Gubernur
baru Jakarta Bapak Ir. Jokowi sepertinya sedang menghadapi sedikit
dilema masalah pembangunan 6 ruas tol di Jakarta. Di satu sisi beliau
punya visi canggih tentang "Jakarta Baru", di sisi lain beliau harus memperhatikan semangat besar para pengusaha tol untuk mencetak laba baru. Sedangkan rakyat sudah menolak pembangunan jalan tol baru ini yang merupakan konsep lama yang "sukses" bikin Jakarta jadi ruaarrr biasa macet. Jadinya rakyat Jakarta akhirnya memilih pemimpin baru deh, pemimpin-pemimpin baru yang lebih nggemesin, lebih ngangenin.. punya konsep baru untuk Jakarta masa depan.
Sementara Bapak Jokowi dan Pak
Ahok melakukan analisis yang lebih dalam, mari kita bantu Pak Jokowi
kita untuk lebih memantapkan perjuangan beliau demi Jakarta masa depan,
dan Indonesia masa depan. Inilah alasan-alasan utama, yang masih bisa
ditambah, untuk kenapa jalan tol baru tidak perlu dibangun.
1. KONSEPJADUL, TIDAK VISI "JAKARTA BARU"
Ide tol ini dibuat oleh birokrat-birokrat era Foke yang berpikiran persis, seperti Foke, auto-oriented development. Intinya, solusi macet, adalah penambahan jalan, secara kontinyu. Yang ini of course yang bikin Jakarta akhirnya di 2014 bisa deadlock karena intinya : jalan
makin ditambahi, makin dipenuhi mobil. Sampai pada satu titik, sistemnya akan
kolaps. Kota masa depan adalah kota yang sudah sukses dan akhirnya
berani melepaskan ketergantungannya dari jalan raya dan kendaraan
pribadi, menciptakan berbagai dis-insentif bagi kendaraan pribadi, dan
bermacam insentif untuk transportasi umum.

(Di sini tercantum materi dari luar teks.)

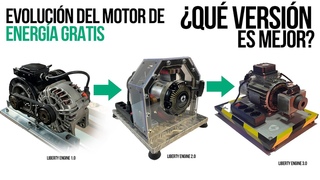 Generadores Elctricos Liberty Engine - Energa Gratis Sin Combustible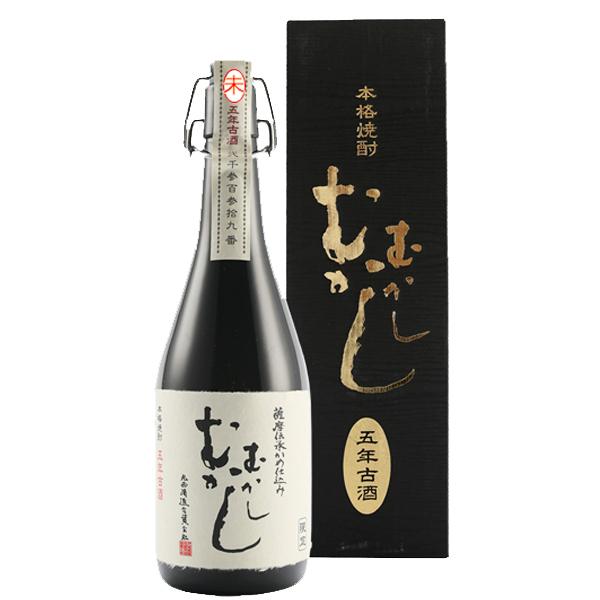 激レア！年1回限定出荷！」 むかしむかし 5年古酒 芋焼酎 薩摩伝承かめ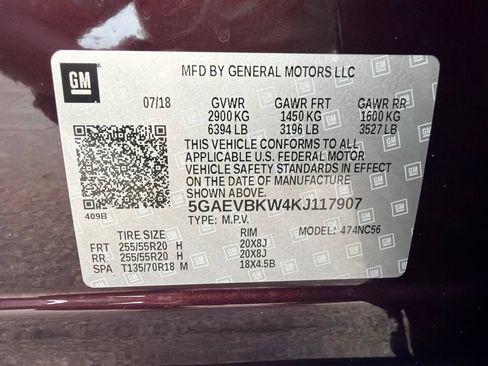 Used 2019 Buick Enclave Premium w/ Experience Buick Package AWD/4WD image 41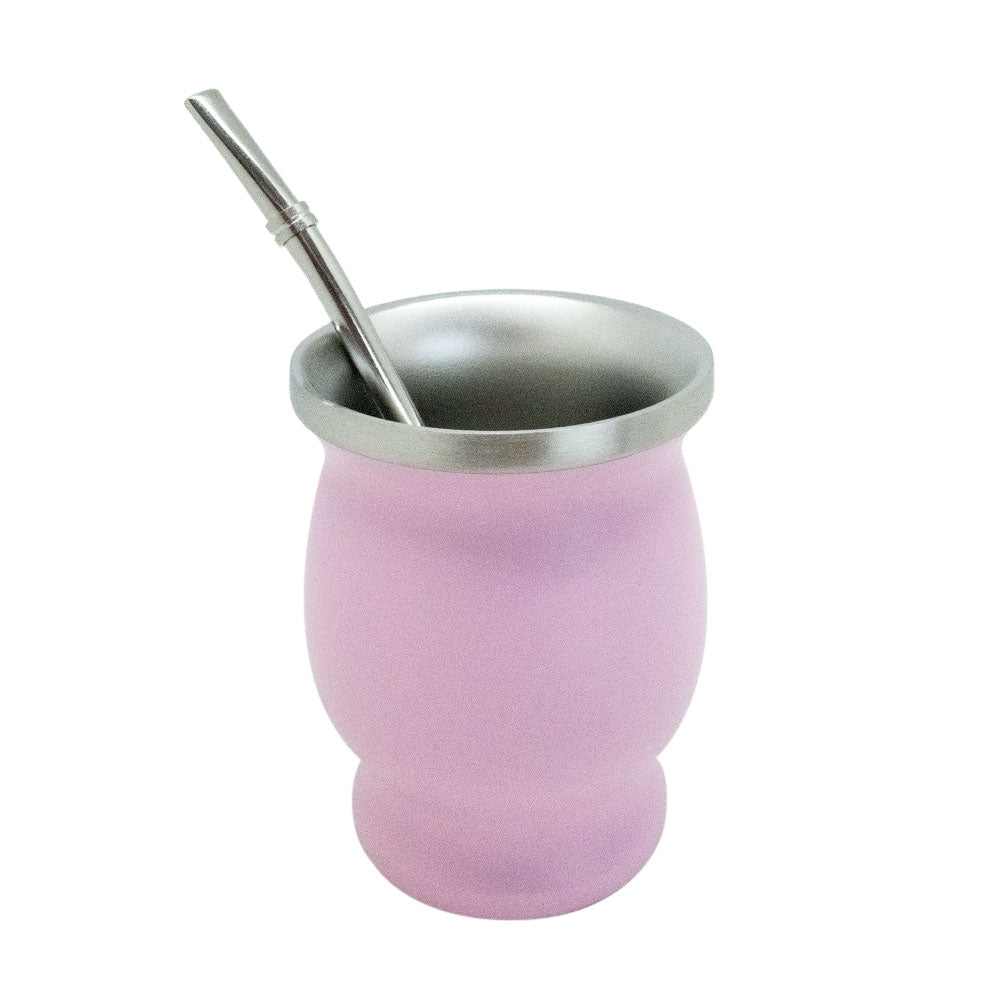 Mate Clásico Keep Acero Inoxidable con Bombilla 200 ML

Kota masa depan berfokus pada
kombinasi strategi sistem transportasi masal yang berkualitas tinggi
dan menyenangkan, mixed-use development, area residensial vertikal yang berdekatan atau terintegrasi dengan perkantoran dan pusat bisnis, dan transit oriented development. Itulah Jakarta masa depan yang unggul, yang maju, menyenangkan.

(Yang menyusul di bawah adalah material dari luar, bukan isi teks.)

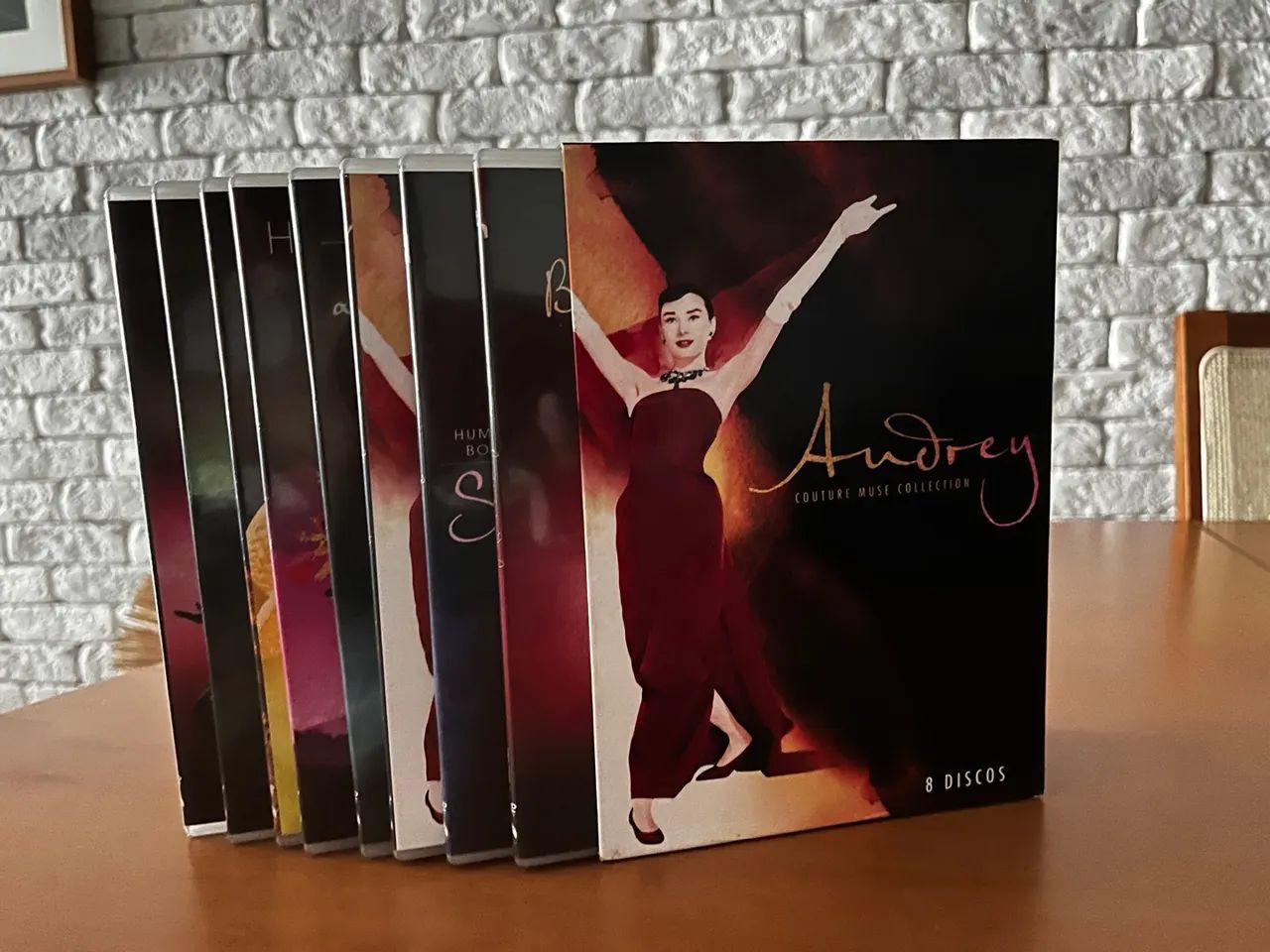 Box Audrey: Couture Muse Collection ( 8 DVDs ) - Foto 3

Coba kita belajar dari kota terbaik di dunia, The Best Cities in the World, Curitiba di Brazil dengan gubernurnya yang nggemesin dan
dicintai 99% warganya, pak Jaime Lerner, yang jalan raya saja bukan
ditambah tapi malah dikurangi, dijadikan jalan-jalan untuk pedestrian.
Dan Seoul yang justru mbongkar jalan layang di Cheonggyecheon. Jalan kok bukan ditambah, malah dikurangi? aneh ya?

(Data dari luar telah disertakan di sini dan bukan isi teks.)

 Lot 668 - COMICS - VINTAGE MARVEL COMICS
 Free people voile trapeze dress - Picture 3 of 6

Rua XV de Novembro (15th of November Street)
di pusat kota Curitiba Brazil.
Tadinya Jalan raya, lalu ditutup menjadi pedestrian.
Silakan juga pelajari konsep kota "Smart Growth" dan "Intelligent Urbanism" (lihat saja di google dan Wiki dulu ya).
2. PROYEK BISNIS SWASTA, MINDSETNYA BUKAN KEBAIKAN PUBLIK
Proyek
6 Ruas Tol ini dibuat oleh perusahaan-perusahaan. Walaupun mereka juga
orang-orang baik, tapi perusahaan orientasinya laba, bukan kemaslahatan
publik secara umum. Sebagai perusahan yang berorientasi laba, wajar mereka berusaha
menjual benefit proyeknya kepada stakeholders, tapi tujuan
utamanya tetap laba akhir tahun, bukan kepentingan rakyat. "Kepentingan
rakyat" biasanya mereka rancang hanya buat make-up, polesan-polesan lipstick, dan strategic marketing demi melancarkan proyek.
3. H I G H W A Y H E L L, PARADOX TOL
Enak kan jalan-jalan ke Bandung sekarang? Lewat tol yang wueeenak banget, maknyusss, dari Jakarta wuuussssss langsung sampai Bandung. Tapi Bandungnya malah jadi kayak gitu kan? Apalagi kalo namanya libur panjang. It's terrible, it's nightmare, it's not good living. Apakah jalan tol Jakarta-Bandung salah? Ya dan tidak, tergantung dari beberapa sisi.
Jalan tol baru dalam kota yang lebar dan "imagenya" cepat (padahal kan ndak?), adalah super-stimulan, super-insentif bagi
terus bertambahnya mobil-mobil baru, dan penambahan kapasitas industri
mobil. Dengan tol-tol baru orang akan "merasa" makin nyaman
naik mobil pribadi. Jadinya bukannya makin lancar, tapi efeknya malah jadi
bikin tambah macet lagi. Ini yang terjadi di seluruh kota dunia,
termasuk di Amerika dan China yang highwaynya begitu buaaanyak, begitu lebar.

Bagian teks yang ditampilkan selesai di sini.